Mustafa Dağıstanlı Sports Hall () is a multi-purpose indoor sport venue located in İlkadım district of Samsun Province, northern Turkey. It was named in honor of Mustafa Dağıstanlı (born 1931), a local sport wrestler, who became twice Olympic and three times world champion in freestyle.

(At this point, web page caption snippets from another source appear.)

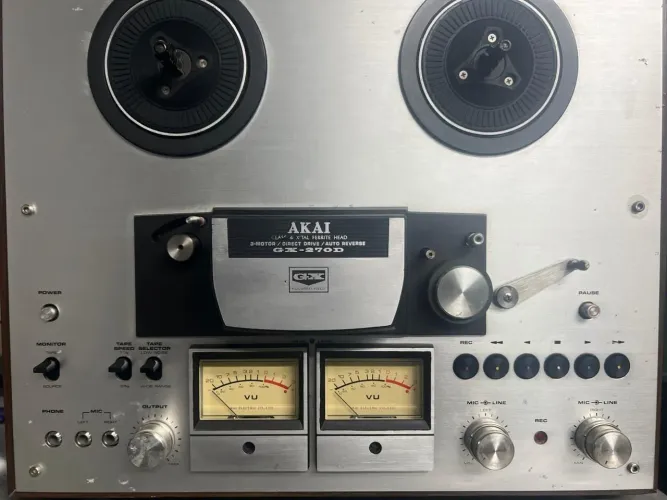 GRAVADOR DE ROLO AKAI GX 270 D
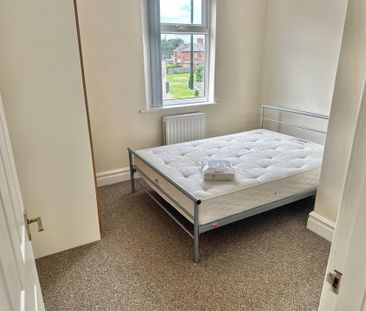 2 bedroom Flat to rent in Hawkeys Lane, North Shields, Tyne and Wea... - Photo 5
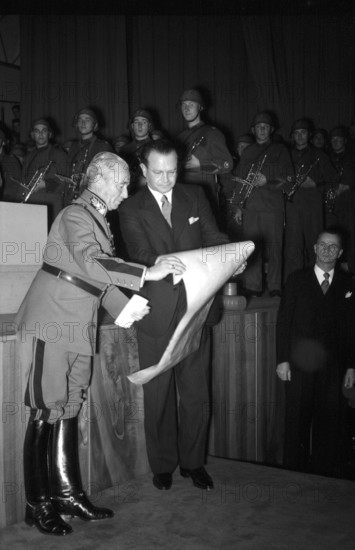 General Guisan visits concert in the Kongresshaus; 1940.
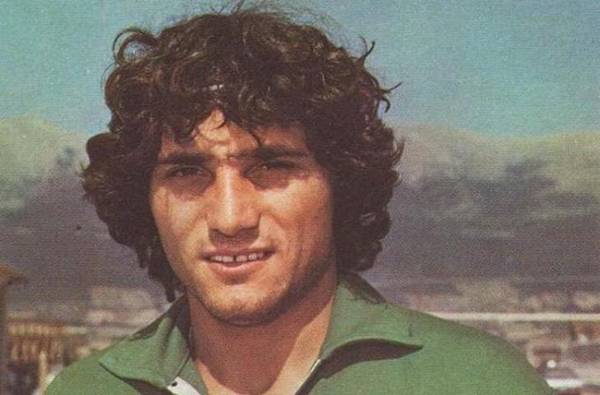 Francesco Quintino sebagai kiper terpendek di dunia (howtheyplay.com)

The sports hall is situated in Hançerli Mah., Atatürk Boulevard. 17, İlkadım. The groundbreaking of the building took place on December 17, 2011. It was opened in presence of Minister of Youth and Sports Suat Kılıç on June 2, 2013. It is situated on Adnan Menderes Boulevard next to Ondokuz Mayıs University's İlkadım Campus.  The sports hall hosts a great variety of sports in addition to badminton, basketball, fencing and volleyball competitions, like boxing, judo, karate, taekwondo, kickboxing, wrestling, weightlifting, table tennis, chess and shooting. The venue has a seating capacity for 2,000 spectators, including 100 for VIP, 100 for media members, 100 for accredited sportspeople and 80 for physically handicapped people.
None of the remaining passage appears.